Trata-se de um típico caso de dupla interpretação. O PT acredita que a expressão “na época” pode levar o entrevistado a entender uma coisa e responder outra, que contraria suas opiniões atuais. Muitos daqueles que leram a pergunta, porém, não enxergam essa sutileza e acham o contrário – ou seja, que a pergunta não induz a erro.

Mas o piti de Gleisi em si é mais importante do que o teor da bronca dada pela rede social.

Temos aqui a líder de um partido acusando um veículo jornalístico de fraude. Isso não se vê todos os dias e coloca o PT em pé de guerra contra um jornal que, bem, é chamado de petista a torto e a direito. Parece que deu a louca no mundo. Mas, não.

Embora a Folha de S. Paulo dê mostras de que é um jornal desde os anos 1980 mais alinhado à esquerda, trata-se de uma publicação que bateu, de tempos em tempos, no PT. Foi a Folha, por exemplo, que publicou a entrevista de Roberto Jefferson na qual se cunhou o termo “mensalão”. Se a publicação fosse uma guardiã incondicional do PT teria publicado isso? É evidente que não.

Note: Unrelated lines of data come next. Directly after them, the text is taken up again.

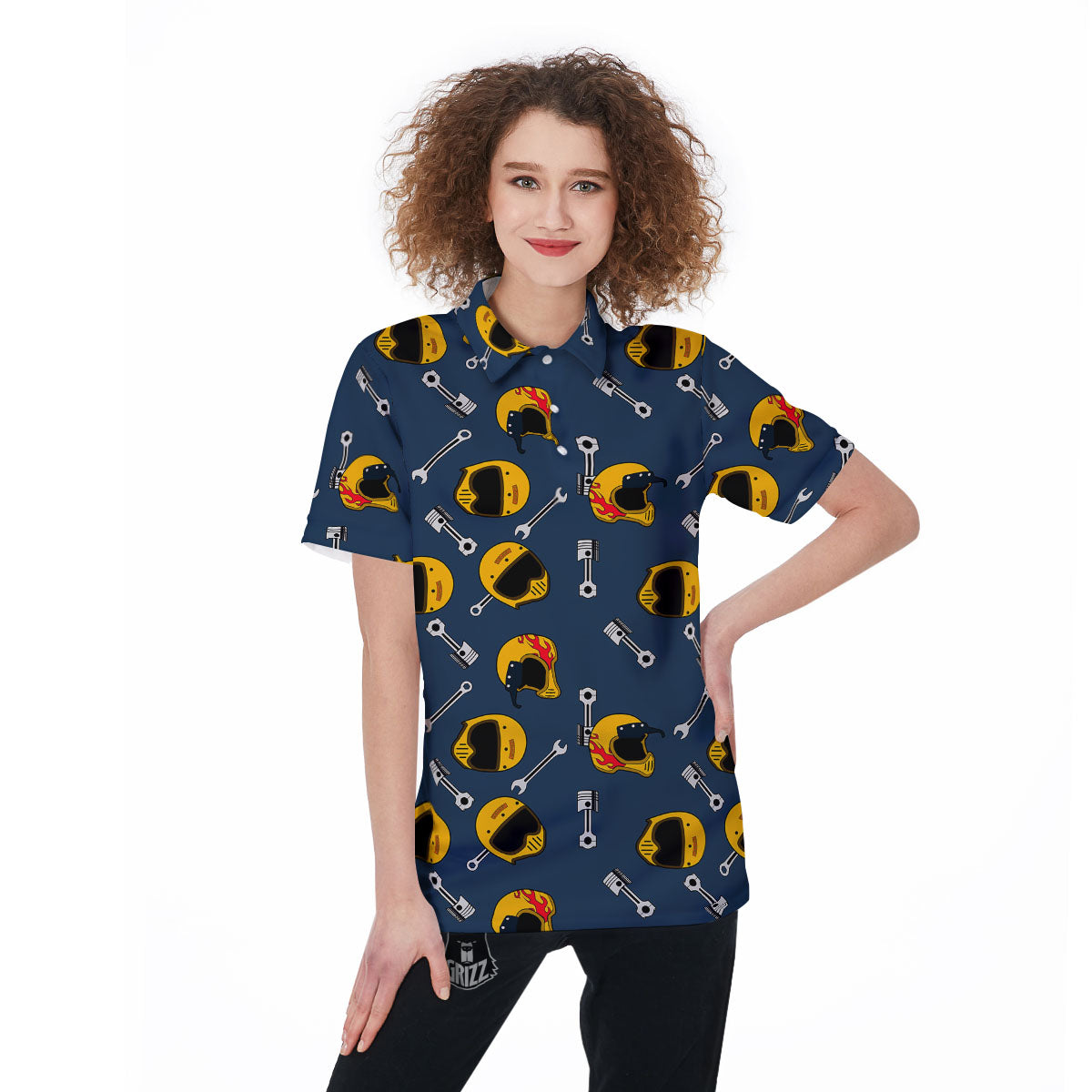 Equipment Motorcycle Print Pattern Women's Golf Shirts-grizzshop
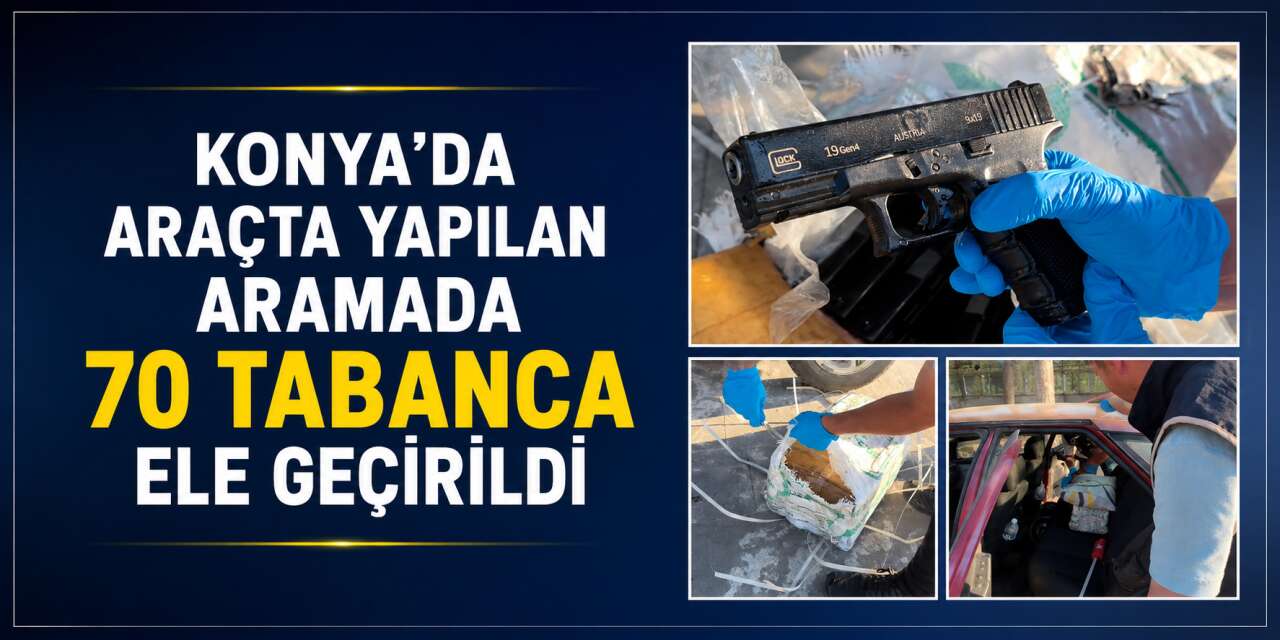 Konya'da durdurulan araçtan cephanelik çıktı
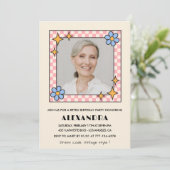 Retro Bloemen Foto 79e verjaardag uitnodiging Blau (Staand voorkant)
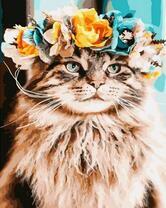 Котик в желто-голубом цветочном веночке
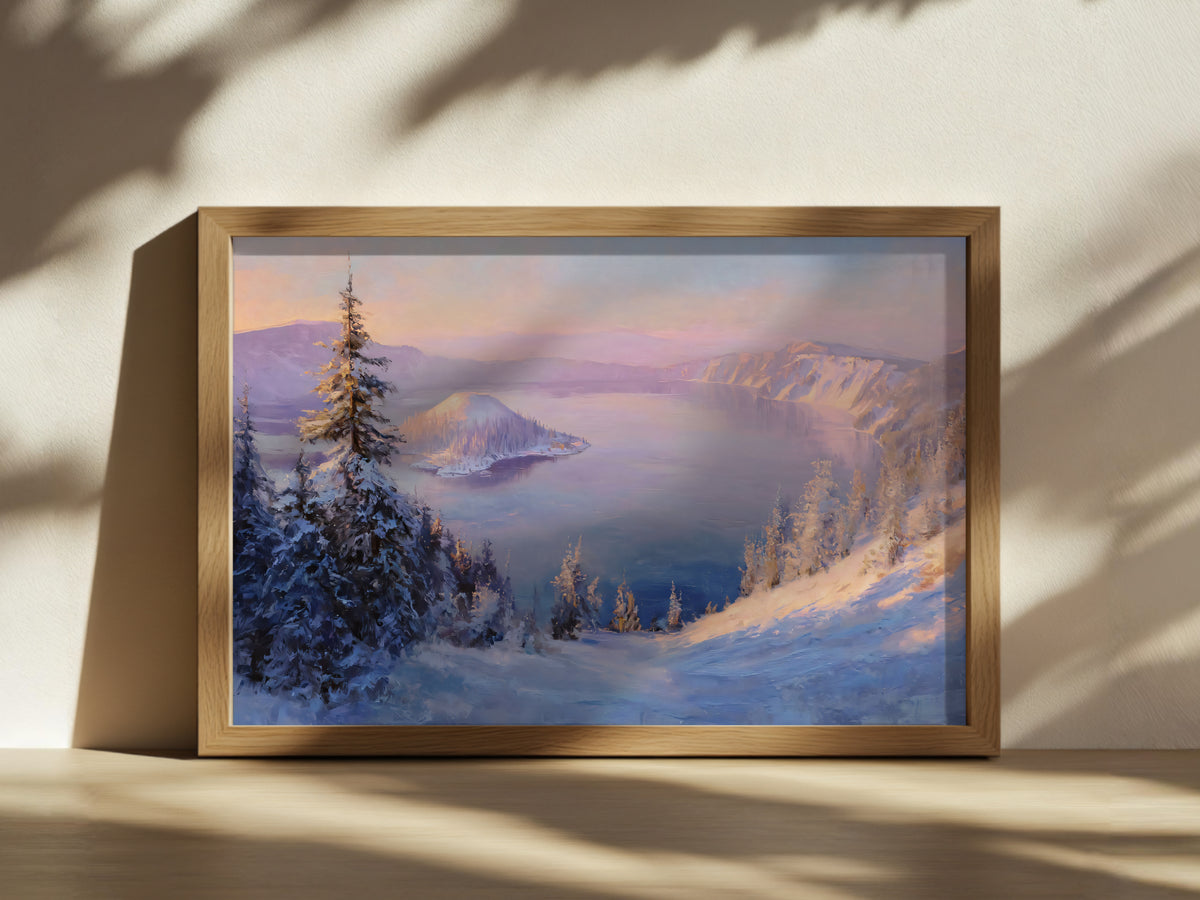 Crater Lake National Park Winter Sunrise Wall Art | Oregon Volcanic Landscape Painting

A bronca de Glesi traz reminiscências de uma frase de Vladimir Lênin, oráculo master das correntes mais radicais do PT. “Por que a liberdade de expressão e liberdade de imprensa deveriam ser permitidas? Por que um governo que faz aquilo que considera certo deveria permitir que seja criticado? Não deveria permitir à oposição usar armas letais. E ideias são muito mais fatais que armas de fogo. Por que, então, qualquer pessoa poderia comprar um jornal que dissemina opiniões perniciosas calculadas para envergonhar o governo?”, disse ele.

Notas, artigos e reportagens podem ferir muito mais do que uma bala de revólver. Mas a percepção de letalidade varia de acordo com a orientação política do leitor. Quando diretor de redação da revista Época, publiquei um artigo sobre uma determinada disputa entre o então presidente Luiz Inácio Lula da Silva e o Congresso. Na segunda-feira, recebi pela manhã a ligação de um assessor palaciano. Ele reclamava que a reportagem favorecia os tucanos. À tarde, um senador do PSDB me telefonou, chateado porque achava que a reportagem livrava a cara do PT. Vejam bem: não estamos falando de artigos diferentes. Era o mesmo texto.

Publisher do New York Times entre 1935 e 1960, Arthur Hays Sulszberger (bisavô do atual Manda-Chuva da redação, A. G. Sulszberger), resumiu bem essa questão. “Nós contamos ao público o lado para qual o gato está pulando”, dizia. “Mas é o público que deve tomar conta do gato”. Neste caso, se você estiver à direita do felino, achará que ele está pulando em uma determinada direção; mas, se estiver à esquerda, sua percepção será a de que o bichano está saltando no sentido oposto.

É por isso que um único artigo, mesmo escrito com a maior imparcialidade possível, provoca reações completamente diferentes na direita e na esquerda. E você? De qual lado do gato está?